Founders get that, and so do their executive teams. But as companies scale, singularity of purpose diffuses, Kofman explains in his book The Meaning Revolution: The Power of Transcendent Leadership. While leadership's vision stays the same or expands, employees' visions grow narrower. "Entrepreneurs are very clear about the mission. But that awareness gets lost as they start engaging other people," Kofman says. "Each person thinks they should do what they were hired to do instead of help the company succeed, whatever it takes."

Battle of the silos

It's no surprise employees rarely think beyond their job descriptions. A finance person, for example, knows she is supposed to carefully assess the creditworthiness of each prospective new customer. If she deems one too risky she nixes the sale, thus protecting the business. But what if the potential customer is influential, with the power to set off a cascade of sales with a positive review? That could be such a significant opportunity that the rest of the staff thinks it worthwhile.

Or consider a factory manager, whose role is to churn out sufficient product to ensure on-time delivery. Suppose a development team wants to commandeer the floor for a day or two to perform test runs on new designs? "Maybe for the company new product development is 10 times more important than current production," Kofman says. "But what I call 'my job' is to run the plant. I don't want people to make me less efficient, even if they are from my same company."

Traditional metrics reinforce this kind of thinking. Employees are rewarded for hitting their numbers: service calls fielded or defects eliminated or overhead reduced. Under this system, it is in each individual's interest to optimize her own functional cog. If the company tries offering collective rather than individual incentives, however, people become "free-riders" who assume their minimal exertions will be masked by the more vigorous performance of the rest of the organization. "It's a dilemma, because if you want cooperation, you have to make everyone accountable for the whole," Kofman says. "But when everyone is accountable for everything then no one is accountable for anything."

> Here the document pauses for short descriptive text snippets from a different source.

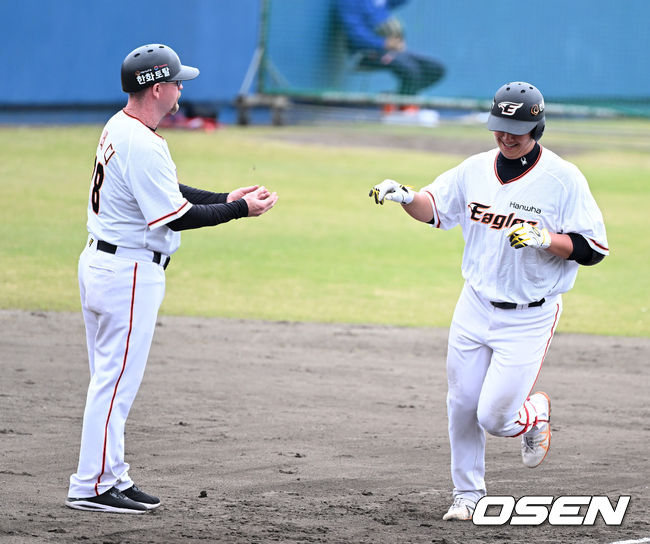 3일 일본 오키나와 고친다구장에서 한화 이글스와 SSG 랜더스의 경기가 진행 됐다.5회말 1사에서 한화 노시환이 홈런을 치고 그라운드를 돌고 있다. 2023.03.03 /sunday@osen.co.kr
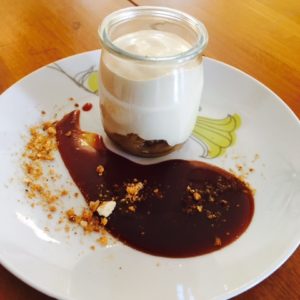 la verrine maison de notre chef, poire-caramel façon tiramisu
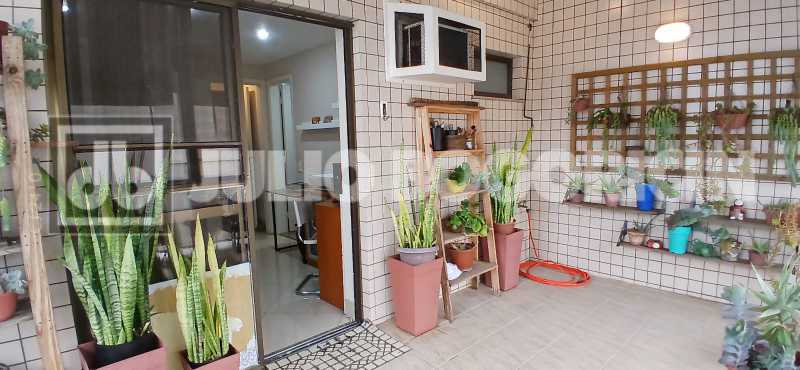 e6abe9b4-2eb9-4a98-bd9c-b13f13 - 22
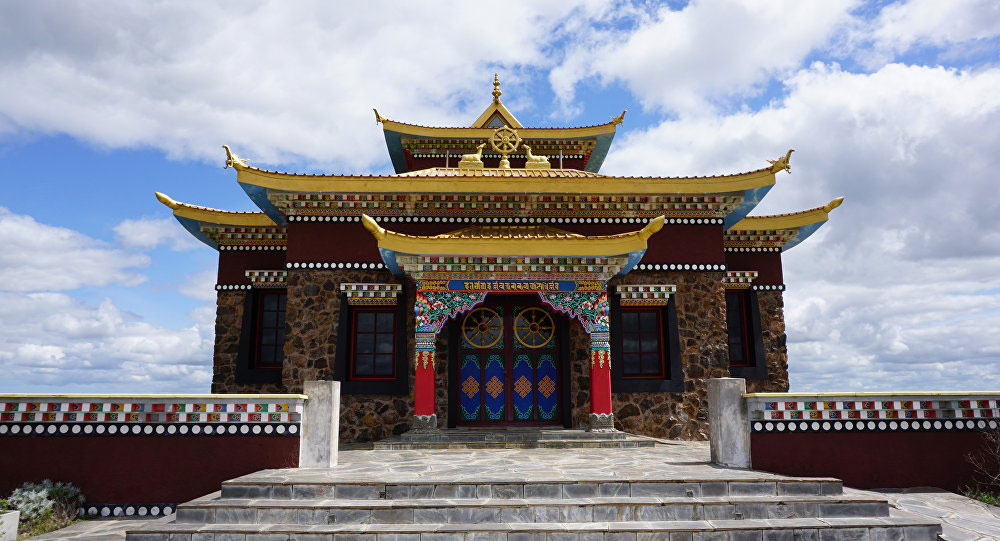 Turismo en Uruguay. Templo Budista Chagdud Gonpa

The CEO, of course, has the best global view. But he lacks the granular understanding of a situation that functional workers have. Nor can he waste time playing Solomon whenever employees clash over priorities or collaborations fail.

The leader says, "Look up here"

The dilemma cannot be solved, Kofman says. But it can be managed. What Kofman calls "transcendent leaders" keep employees focused on a single overarching question: "Why are we here?" They articulate the mission over and over, reminding people that, while they bring conviction to their individual battles, those battles must be subordinate to the organization's ultimate victory. And they frame the mission in terms that inspire and make people feel their work is important. "The first thing is to find a mission that would make your 7-year-old child proud of you," Kofman says.

But mission on its own is not enough. Leaders must also define the values that will govern how people work together to resolve their conflicts--how they treat one another and collaborate on solutions that are truly "best" for the company as a whole. Leaders will demonstrate those values themselves, being as transparent as possible, so employees understand how decisions at the senior level are weighed for service to the mission. And they will demand that employees serve only the mission and not themselves. In other words, that they do their jobs.

"The gravitational pull is always going to be toward each person's individual role," Kofman says. "The job of the leader is to defy gravity."